Our basic idea with our DeepMoji project is that if the model is able to predict which emoji was included with a given sentence, then it has an understanding of the emotional content of that sentence. We are training our model to predict emojis on a dataset of 1.2B tweets (filtered from 55B tweets). We can then transfer this knowledge to a target task by doing just a little bit of additional training on top with the target dataset. With this approach, we beat the state-of-the-art across benchmarks for sentiment, emotion, and sarcasm detection.
Check out the online demo here, more detailed write-up here, and full technical paper here.
Useful skills like VR, NLP and… econometrics?
This list of fastest-growing freelancer skills compiled by Upwork, a job site that matches freelancers with employers, is just so odd I feel there is either some deep pattern coded in there that explains everything, or else some intern at Upwork is having a laugh.
Growth in VR and NLP makes total sense given the relative lack of experienced talent vs growth in demand, especially for VR developers. Neural network and Docker development for the same reasons.

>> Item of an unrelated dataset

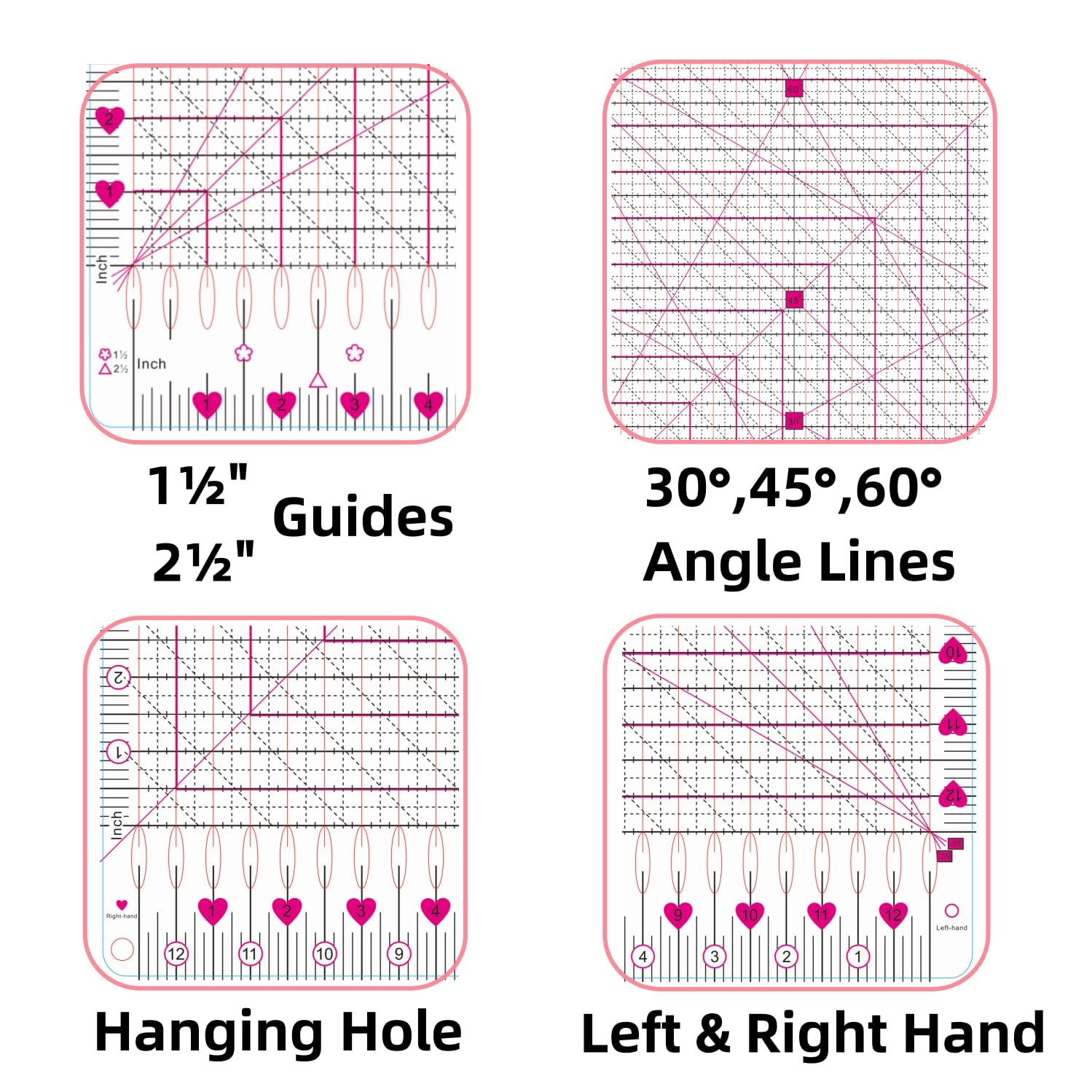 Slotted Quilting Ruler,12.5″X12.5″Slotted Ruler,Slotted Ruler for Quilting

Adobe Photoshop freelancers — sure, I guess Photoshop is still operated by a priesthood although it’s unclear why the journeyman priesthood is growing rapidly.
But then Econometrics, really??!!? — never, ever, in my life have I thought “what I really need to do is to hire a random econometrician over the internet”, and for sure that thought has not been exponentially increasing of late.
And Asana work tracking, which had only around 20,000 paying customers a year ago?!!? — that’s like having ’Tesla car polisher’ on the list.
Anyway, I leave you to ponder. It certainly is an intriguing list — perhaps what we need is an econometric hireling to make sense of it for us…
And finally and frivolously, we have this article which is pretty much a total waste of storage space as it is a 700-word, not-very-good takedown of a new not-very-good mushroom-identifying mobile app with sub-par mushroom image recognition. However, it warrants inclusion in this week’s Rabbit Hole for the one immortal line:
There’s a saying in the mushroom-picking community that all mushrooms are edible but some mushrooms are only edible once.